Problem details: Your answer should be the lines below from the one with "top 10 best korean skincare the cult" to the one with "This Life book with a soup", both included, given again exactly and with nothing added.

Task material:
◆ ◆ ◆

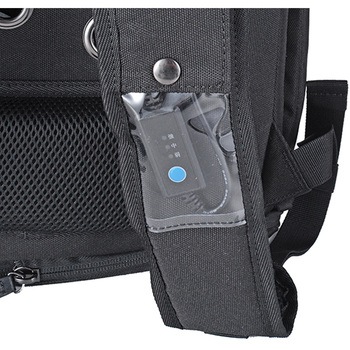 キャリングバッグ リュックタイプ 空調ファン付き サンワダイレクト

◆ ◆ ◆

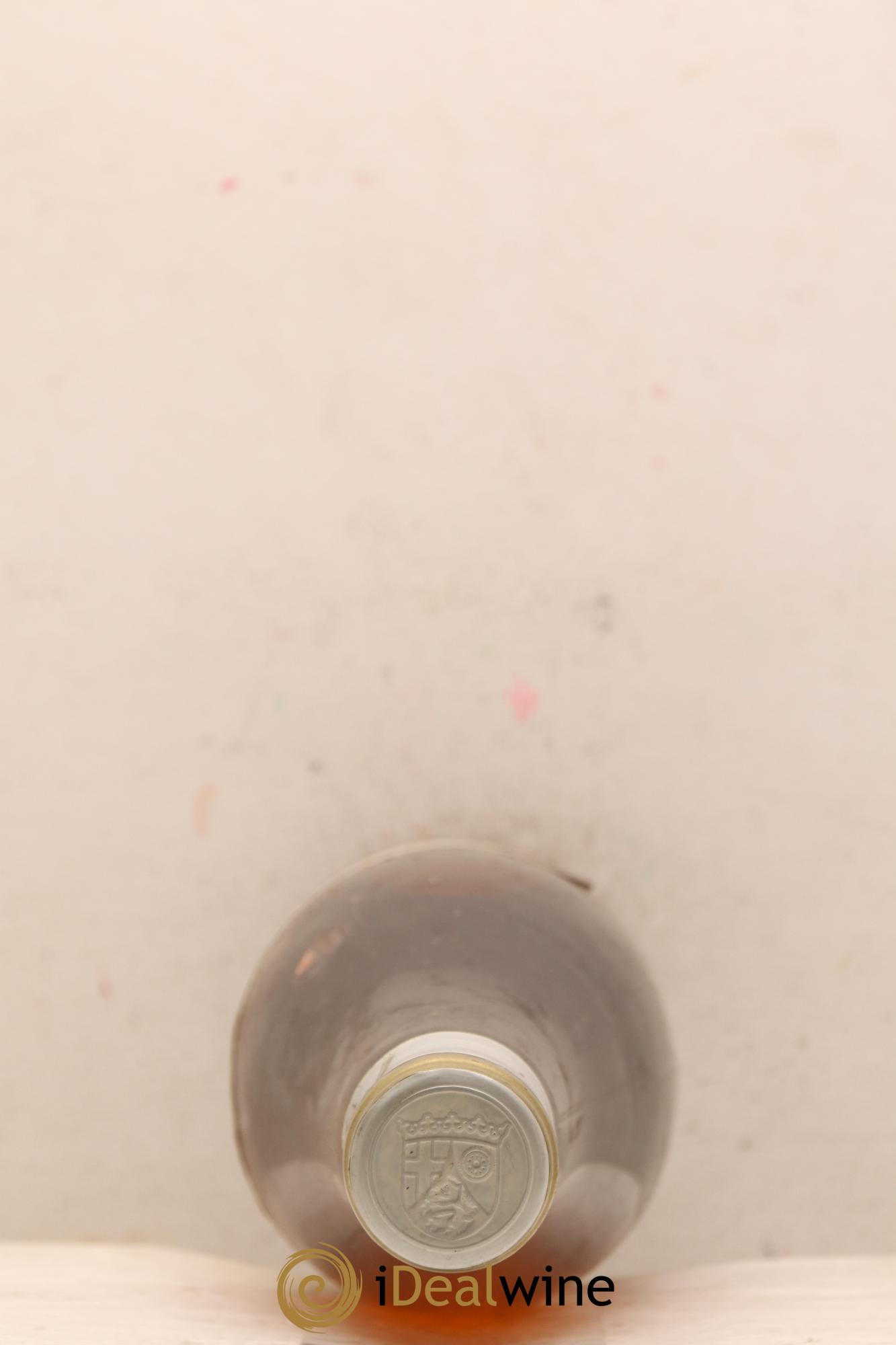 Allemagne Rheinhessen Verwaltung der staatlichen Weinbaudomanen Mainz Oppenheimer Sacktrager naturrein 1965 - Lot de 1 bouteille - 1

◆ ◆ ◆

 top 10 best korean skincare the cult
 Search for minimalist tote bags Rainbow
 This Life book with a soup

◆ ◆ ◆

Exercise output:
 top 10 best korean skincare the cult
 Search for minimalist tote bags Rainbow
 This Life book with a soup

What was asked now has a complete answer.